Making human rights a reality

The Concluding Statement issued by participants at the Judicial Colloquium on the Domestic Implementation of International Human Rights Norms held in Bangalore on December 30 1998 has been released recently by INTERRIGHTS, a UK based international human rights centre and a co-organiser of the Colloquium.

The Colloquium included judges of the superior courts of Sri Lanka and eminent lawyers as well as jurists from the region and from Australia, Canada, New Zealand, South Africa, Uganda, United Kingdom, the United States of America and Zimbabwe.

picture" Making Human Rights a Reality" was the challenge that was in the forefront of discussions of the participants in the colloquium. The colloquium was organised by INTERRIGHTS together with the Commonwealth Secretariat and the National Law School of India University, Bangalore, with the support of the Commonwealth Secretariat, the Canadian International Development Agency, the Ford Foundation and the Foreign and Commonwealth Office of the United Kingdom.

While reaffirming the general principles stated at past colloquia, the participants reiterated the universality of fundamental rights and freedoms which was declared to derive from the moral principle of each individual's personal and equal autonomy and human dignity. That principle transcends national political systems and is in the keeping of the judiciary. Again, it is the vital duty of an independent, impartial and well-qualified judiciary, assisted by an independent, well-trained legal profession, to interpret and apply national constitutions and ordinary legislation in harmony with international human rights codes and customary international law, and to develop the common law in the light of the values and principles enshrined in international human rights law.

It is also pointed out that the provision of equal justice requires a competent and independent judiciary and legal profession trained in the discipline of the law and sensitive to the needs and aspirations of all the people. It is fundamental for a country's judiciary and legal profession to enjoy the broad confidence of the people they serve. Public confidence in the judiciary depends not only on the institutional arrangements for protecting its independence from political pressures but also on the transparency and legitimacy of the manner in which judges are selected. Any mechanism, including judicial service commissions, should ensure that persons are selected because of their proven integrity, ability and independence and that the views of the existing judiciary are given appropriate weight.

Meanwhile the Concluding Statement also emphasizes that freedom of expression is essential to safeguard democracy and human rights. The protection of freedom of expression in its widest sense is a chief responsibility of the judiciary. In this same context, public interest litigation has a special role to play in protecting the human rights of disadvantaged sections of the population. Judgments in such cases should be based on clear constitutional and legal criteria; they should be enforceable and effective, keeping in mind the rights and interests of those not party to the litigation; and they should be subject to appeal or judicial review. The principles of human rights should moreover be brought into the daily activities of government and public officials alike, as well as of ordinary men and women.
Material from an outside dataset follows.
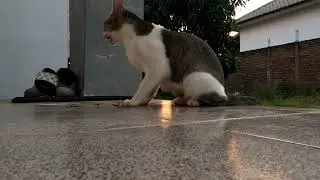 Cute a Cat Eating his Meal 🐱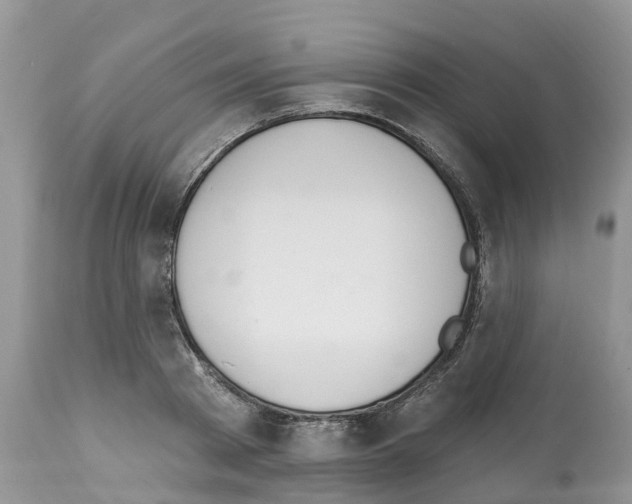 X0000112500793200909281156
Furthermore the jurisprudence of international and regional human rights bodies and the decisions of courts throughout the Commonwealth should be disseminated to judges, lawyers and public officials. In these ways a global culture of respect for human rights can be fostered. It is in this context that a South Asian charter of human rights, similar to regional human rights conventions elsewhere, would make a significant contribution to the protection of human rights throughout South Asia. The Statement concludes by reminding that the making of such a charter should be given a high priority.